Troodos or Troödos (Τρόοδος in Greek) in the Nicosia District, is the island’s highest mountain range. It is in the centre of Cyprus, and its highest peak is Mount Olympus, at 1,952 metres above sea level. The region is famous for its many Byzantine churches and monasteries.
The Panagia (Monastery) of Kykkos, 20 kilometres west of Pedoulas, is the richest and most famous and, with nine churches, form a World Heritage site. The Holy Monastery of the Virgin of Kykkos was founded around the end of the 11th century by the Byzantine emperor Alexios I Komnenos (1081–1118). It lies at an altitude of 1318 metres on the northwest face of the Troodos Mountains. The first President of Cyprus, Archbishop Makarios III, started his ecclesiastical career there as a monk in 1926. Three kilometres from Kykkos Monastery is his tomb and a giant bronze statue on the mountain of Throni, a site he chose.

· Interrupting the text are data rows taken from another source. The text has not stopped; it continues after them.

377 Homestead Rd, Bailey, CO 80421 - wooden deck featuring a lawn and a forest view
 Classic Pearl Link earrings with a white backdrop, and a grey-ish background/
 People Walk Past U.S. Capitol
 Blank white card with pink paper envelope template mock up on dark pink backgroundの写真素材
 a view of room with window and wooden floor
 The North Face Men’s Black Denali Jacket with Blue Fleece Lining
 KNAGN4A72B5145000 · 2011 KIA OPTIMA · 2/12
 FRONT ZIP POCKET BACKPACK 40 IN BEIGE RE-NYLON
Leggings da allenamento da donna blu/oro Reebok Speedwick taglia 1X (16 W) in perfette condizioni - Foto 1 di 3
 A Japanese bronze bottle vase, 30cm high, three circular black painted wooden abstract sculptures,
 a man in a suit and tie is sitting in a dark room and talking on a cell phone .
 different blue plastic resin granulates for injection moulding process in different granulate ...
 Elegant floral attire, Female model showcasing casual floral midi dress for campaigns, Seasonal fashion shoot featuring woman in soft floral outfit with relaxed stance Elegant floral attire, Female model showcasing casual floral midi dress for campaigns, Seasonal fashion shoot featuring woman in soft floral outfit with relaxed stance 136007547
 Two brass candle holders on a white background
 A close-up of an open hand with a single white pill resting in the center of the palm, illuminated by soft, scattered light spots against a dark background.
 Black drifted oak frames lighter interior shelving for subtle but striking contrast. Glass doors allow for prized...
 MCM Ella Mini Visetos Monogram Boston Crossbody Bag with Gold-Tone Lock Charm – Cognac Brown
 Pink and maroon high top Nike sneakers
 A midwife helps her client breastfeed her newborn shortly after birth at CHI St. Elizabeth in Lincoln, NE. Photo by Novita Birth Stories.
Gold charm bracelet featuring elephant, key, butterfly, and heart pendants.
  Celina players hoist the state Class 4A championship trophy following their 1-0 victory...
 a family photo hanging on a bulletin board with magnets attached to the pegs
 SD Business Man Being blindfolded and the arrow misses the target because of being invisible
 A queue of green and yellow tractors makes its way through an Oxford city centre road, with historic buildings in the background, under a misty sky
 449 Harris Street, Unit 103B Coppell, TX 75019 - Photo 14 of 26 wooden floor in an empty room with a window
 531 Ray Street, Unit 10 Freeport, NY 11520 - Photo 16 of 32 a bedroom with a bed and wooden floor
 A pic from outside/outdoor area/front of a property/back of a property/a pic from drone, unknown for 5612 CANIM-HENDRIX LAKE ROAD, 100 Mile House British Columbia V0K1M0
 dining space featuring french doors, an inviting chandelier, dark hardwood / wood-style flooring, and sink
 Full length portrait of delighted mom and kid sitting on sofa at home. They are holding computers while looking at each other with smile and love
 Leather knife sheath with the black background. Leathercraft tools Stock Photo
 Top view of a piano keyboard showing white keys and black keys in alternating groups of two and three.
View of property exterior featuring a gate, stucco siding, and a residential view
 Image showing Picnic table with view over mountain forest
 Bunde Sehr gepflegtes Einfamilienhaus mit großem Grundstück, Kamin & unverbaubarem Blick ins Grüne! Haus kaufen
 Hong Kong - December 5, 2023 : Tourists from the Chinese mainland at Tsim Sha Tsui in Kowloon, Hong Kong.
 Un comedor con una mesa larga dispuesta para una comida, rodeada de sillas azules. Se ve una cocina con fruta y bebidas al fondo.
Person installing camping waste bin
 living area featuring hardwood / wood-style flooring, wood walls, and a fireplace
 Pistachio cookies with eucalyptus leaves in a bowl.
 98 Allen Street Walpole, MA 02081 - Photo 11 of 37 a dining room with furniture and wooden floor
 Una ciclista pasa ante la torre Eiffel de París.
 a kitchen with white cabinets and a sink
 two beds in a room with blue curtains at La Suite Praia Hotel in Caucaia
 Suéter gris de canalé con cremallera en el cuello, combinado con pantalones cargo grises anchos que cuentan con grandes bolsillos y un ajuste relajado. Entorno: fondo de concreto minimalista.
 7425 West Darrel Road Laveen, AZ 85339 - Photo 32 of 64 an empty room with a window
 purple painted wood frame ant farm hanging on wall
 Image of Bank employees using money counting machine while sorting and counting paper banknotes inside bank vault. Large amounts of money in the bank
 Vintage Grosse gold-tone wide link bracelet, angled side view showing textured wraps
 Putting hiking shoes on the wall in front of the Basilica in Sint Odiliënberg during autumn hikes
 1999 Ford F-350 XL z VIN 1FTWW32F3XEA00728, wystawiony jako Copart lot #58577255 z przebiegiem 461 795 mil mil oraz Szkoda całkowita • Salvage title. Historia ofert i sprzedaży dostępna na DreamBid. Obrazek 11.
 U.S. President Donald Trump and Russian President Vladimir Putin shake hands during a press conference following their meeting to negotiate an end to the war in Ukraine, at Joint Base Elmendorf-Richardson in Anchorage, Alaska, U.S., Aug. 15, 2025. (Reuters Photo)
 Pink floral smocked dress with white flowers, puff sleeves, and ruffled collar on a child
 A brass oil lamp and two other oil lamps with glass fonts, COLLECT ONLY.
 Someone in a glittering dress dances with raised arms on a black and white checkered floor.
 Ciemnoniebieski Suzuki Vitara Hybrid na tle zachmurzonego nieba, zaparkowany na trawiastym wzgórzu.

There are lovely mountain villages to the east of Kykkos; Pedoulas, 1,100 metres above sea level, is 15 kilometres northwest of Troodos village. It has the Archangelos Michael church, a small church that was built and decorated in 1474. The Holy Cross Chapel, with its separate and massive 25-meter cross towers above the village. The Agios Ioannis Lambadistis Monastery is in the mountain village of Kalopanayiotis. It is a complex of three churches dating from the 11th century and built over 400 years.